EnrichGT: all-in-one enrichment analysis

Author

Zhiming Ye

Intro

Highlights

EnrichGT means enriching previously enriched results ($E^2_{\text{enrich}}$) into great tables and more …
Efficient C++-based functions for rapid enrichment analysis
Simple input format, empowering non-pro users
Re-clustering of enriched results provides clear and actionable insights
User-friendly HTML output that is easy to read and interpret
AI (LLM) based result annotation
Do a series of things just in ONE package

Aim and Scope

Please note that the primary goal of EnrichGT is to provide researchers in wet labs, who have been busy all day, with quick and insightful biological interpretations from dry lab data to support their experiments. Therefore, all computational methods employed are relatively straightforward and pragmatic. For example, C++ based ORA enrichment function, GSEA only using fgsea output without more analysis, use only vocabulary frequency matrix for re-enrichment instead of term’s similarity, and more… Its purpose is to offer a “quick overview”. After this initial overview, you can use more widely recognized tools to generate statistically rigorous results (not necessary though). However, don’t misunderstand—this does not mean that the statistical processes in EnrichGT are incorrect. I’ve made every effort to ensure their accuracy; they are just less refined. Additionally, the tool has been tested in most typical scenarios, but extreme cases cannot be entirely ruled out.

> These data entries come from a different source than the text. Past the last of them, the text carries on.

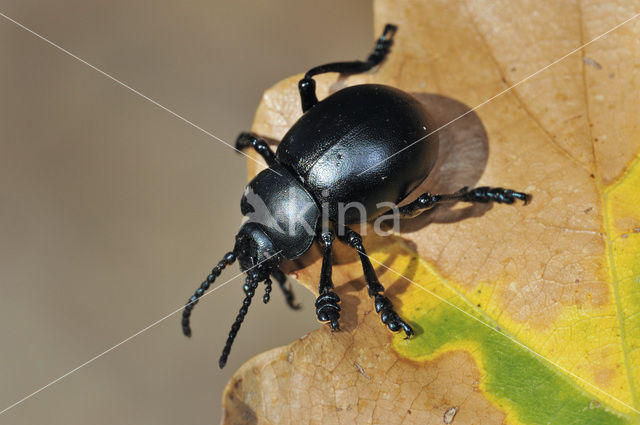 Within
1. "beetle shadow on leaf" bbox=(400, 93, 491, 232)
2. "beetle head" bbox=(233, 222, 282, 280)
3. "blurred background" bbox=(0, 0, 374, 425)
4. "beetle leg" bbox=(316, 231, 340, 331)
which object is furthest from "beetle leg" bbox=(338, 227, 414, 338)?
"blurred background" bbox=(0, 0, 374, 425)

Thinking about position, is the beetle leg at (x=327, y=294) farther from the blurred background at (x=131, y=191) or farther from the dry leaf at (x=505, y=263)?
the blurred background at (x=131, y=191)

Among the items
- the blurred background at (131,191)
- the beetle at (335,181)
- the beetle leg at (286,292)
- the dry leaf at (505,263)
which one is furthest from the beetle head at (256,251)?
the blurred background at (131,191)

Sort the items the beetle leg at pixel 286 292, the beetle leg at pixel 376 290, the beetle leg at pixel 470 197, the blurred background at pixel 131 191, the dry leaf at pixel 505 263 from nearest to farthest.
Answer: the dry leaf at pixel 505 263 → the beetle leg at pixel 376 290 → the beetle leg at pixel 470 197 → the beetle leg at pixel 286 292 → the blurred background at pixel 131 191

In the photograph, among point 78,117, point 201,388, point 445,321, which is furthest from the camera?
point 78,117

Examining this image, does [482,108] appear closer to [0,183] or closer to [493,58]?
[493,58]

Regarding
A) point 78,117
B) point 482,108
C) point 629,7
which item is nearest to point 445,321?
point 482,108

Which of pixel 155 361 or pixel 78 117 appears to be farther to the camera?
pixel 78 117

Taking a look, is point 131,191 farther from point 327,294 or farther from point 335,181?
point 327,294

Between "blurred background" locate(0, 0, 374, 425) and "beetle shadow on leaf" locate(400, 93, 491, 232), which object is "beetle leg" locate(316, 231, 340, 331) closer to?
"beetle shadow on leaf" locate(400, 93, 491, 232) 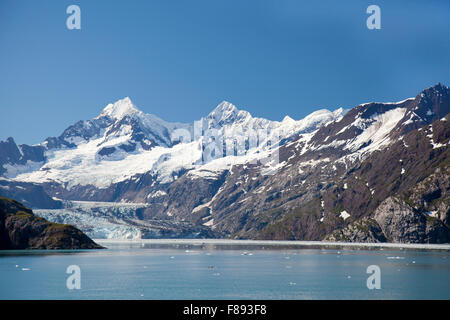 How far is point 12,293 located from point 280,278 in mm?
56890

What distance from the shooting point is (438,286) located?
358ft

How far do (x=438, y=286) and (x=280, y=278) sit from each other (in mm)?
33725

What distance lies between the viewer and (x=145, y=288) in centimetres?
10812

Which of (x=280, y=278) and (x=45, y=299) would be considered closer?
(x=45, y=299)

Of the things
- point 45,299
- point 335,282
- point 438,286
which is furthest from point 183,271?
point 438,286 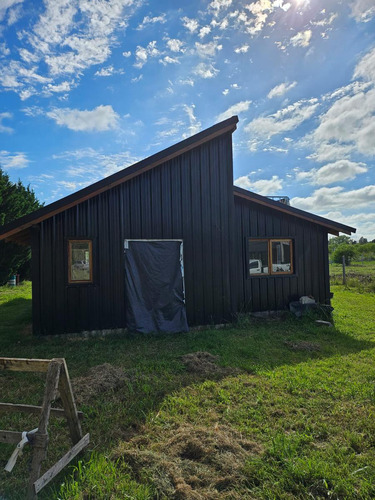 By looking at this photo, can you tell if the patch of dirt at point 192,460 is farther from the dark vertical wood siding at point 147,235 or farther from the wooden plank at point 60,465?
the dark vertical wood siding at point 147,235

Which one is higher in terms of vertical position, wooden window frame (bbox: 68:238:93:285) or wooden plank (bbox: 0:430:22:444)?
wooden window frame (bbox: 68:238:93:285)

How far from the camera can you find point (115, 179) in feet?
22.0

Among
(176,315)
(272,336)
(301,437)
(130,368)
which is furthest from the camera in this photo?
(176,315)

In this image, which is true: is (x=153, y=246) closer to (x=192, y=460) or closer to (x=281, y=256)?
(x=281, y=256)

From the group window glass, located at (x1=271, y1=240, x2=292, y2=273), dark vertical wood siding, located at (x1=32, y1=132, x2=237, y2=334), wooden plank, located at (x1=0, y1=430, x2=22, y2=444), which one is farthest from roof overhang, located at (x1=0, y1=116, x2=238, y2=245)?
wooden plank, located at (x1=0, y1=430, x2=22, y2=444)

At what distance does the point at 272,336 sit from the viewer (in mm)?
6629

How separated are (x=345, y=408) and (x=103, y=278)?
5245 mm

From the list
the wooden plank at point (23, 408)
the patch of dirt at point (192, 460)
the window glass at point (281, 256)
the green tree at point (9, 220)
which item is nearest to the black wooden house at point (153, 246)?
the window glass at point (281, 256)

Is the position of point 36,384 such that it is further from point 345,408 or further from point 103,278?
point 345,408

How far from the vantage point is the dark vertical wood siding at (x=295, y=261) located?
335 inches

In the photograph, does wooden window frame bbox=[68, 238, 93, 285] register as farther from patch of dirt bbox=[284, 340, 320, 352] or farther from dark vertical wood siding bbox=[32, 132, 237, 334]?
patch of dirt bbox=[284, 340, 320, 352]

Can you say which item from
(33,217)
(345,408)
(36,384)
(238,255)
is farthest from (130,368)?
(238,255)

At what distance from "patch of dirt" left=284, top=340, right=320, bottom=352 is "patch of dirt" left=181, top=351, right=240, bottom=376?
1.68m

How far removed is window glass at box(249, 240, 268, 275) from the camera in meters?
8.67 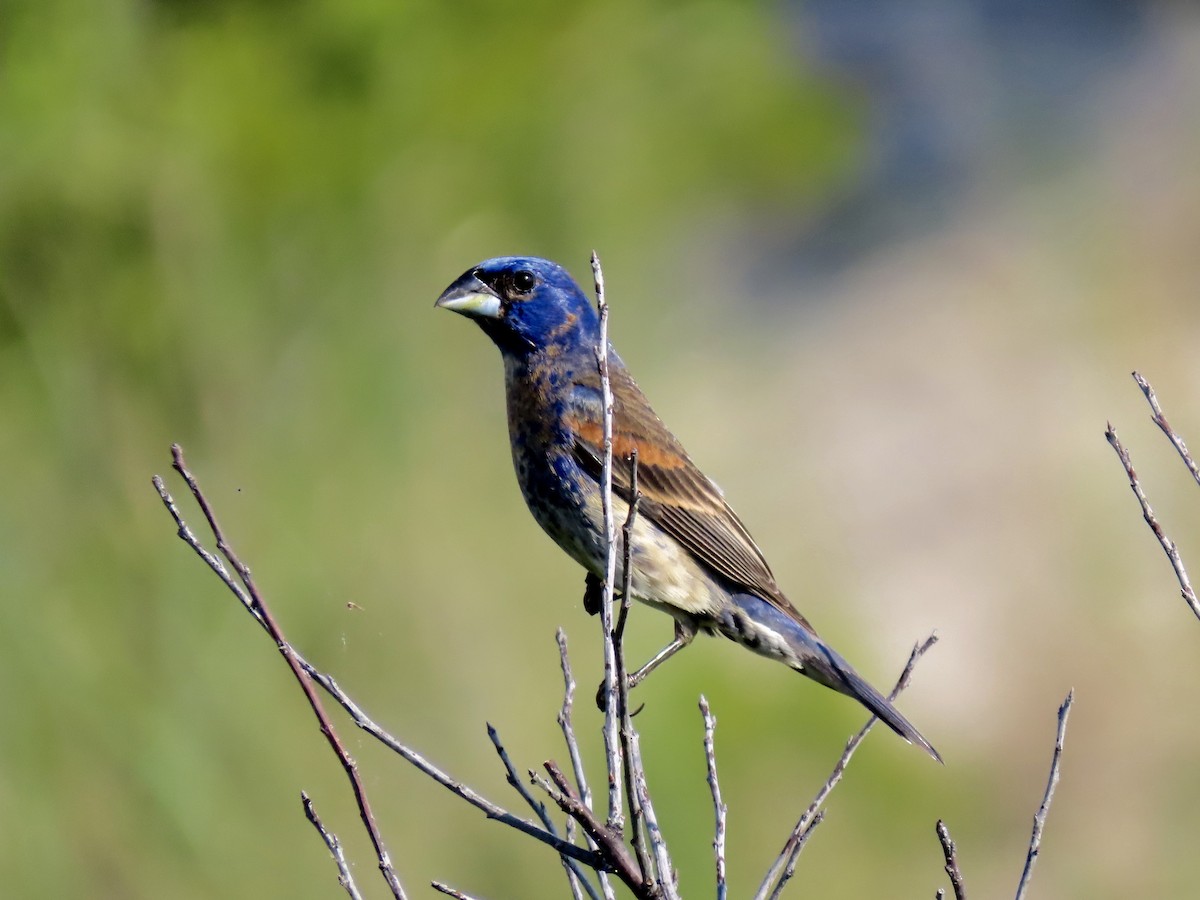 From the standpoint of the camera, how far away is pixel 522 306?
10.2 feet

This package was developed under the inspiration of clusterProfiler (a wonderful and powerful package! I have learned a lot. Without it I won’t develop EnrichGT.), but none of EnrichGT’s internal functions rely on any clusterProfiler functions. Some database-loading code references clusterProfiler‘s implementation, but it has been extensively modified to provide lightweight experience. In other words, this is not a case of rebranding clusterProfiler under a different name. It’s a lightweight implementation designed to wet-labs. If you need a tool that handles every detail, please use clusterProfiler instead. Please see acknowledgment page for citing clusterProfiler.

Install EnrichGT

install.packages("pak")
pak::pkg_install("ZhimingYe/EnrichGT")

The AnnotationDbi, fgsea, reactome.db and GO.db were from BioConductor and might be slow to install. If you can’t install, please re-check your web connections or update your R and BioConductor, or use Posit Package Manager to install when using old R.

Meet EnrichGT

Please see articles on the left! Especially the basic workflow introduction.

Tip

See package function page for further detail params of functions. (For example, how to use a function)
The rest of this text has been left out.